- Opening Delimiter -

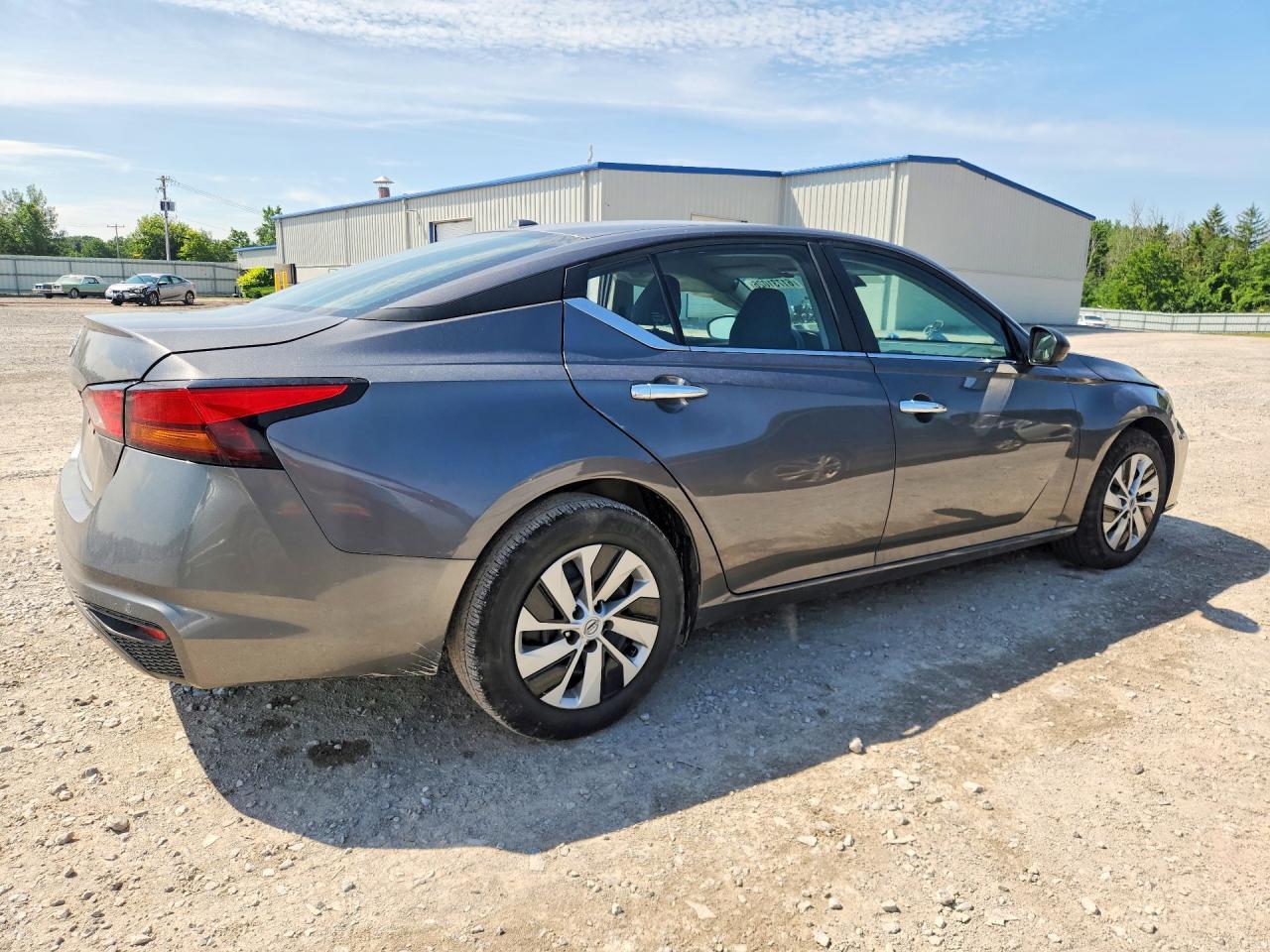 2025 NISSAN ALTIMA S — Фото 3 из 12
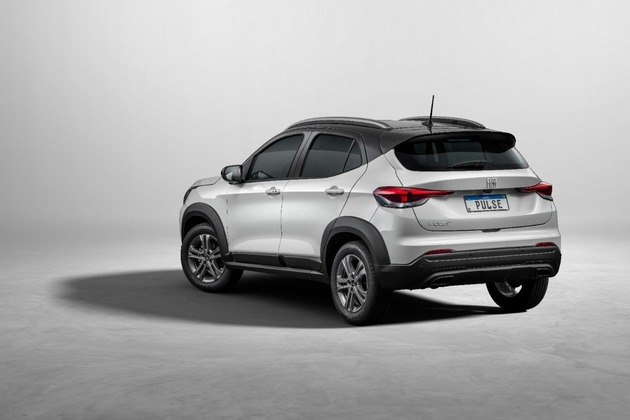 Pulse Drive 1.3 Automático conta com modo Sport com botão de acionamento no volante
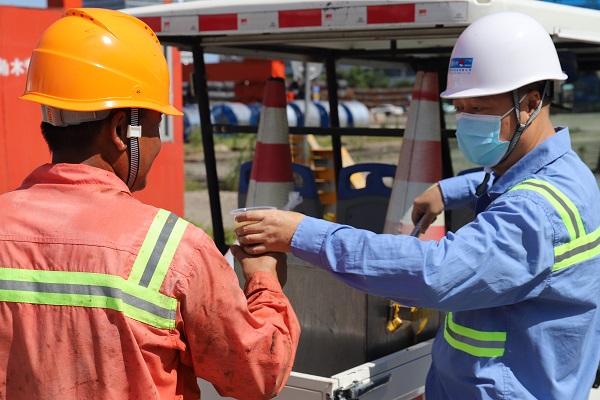 龙湾公司“送清凉”送到员工心坎上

- Closing Delimiter -

**What is being asked:** All of the material shown above needs to be duplicated exactly. Omit every picture.

**Response to this task:**
 2025 NISSAN ALTIMA S — Фото 3 из 12
 Pulse Drive 1.3 Automático conta com modo Sport com botão de acionamento no volante
 龙湾公司“送清凉”送到员工心坎上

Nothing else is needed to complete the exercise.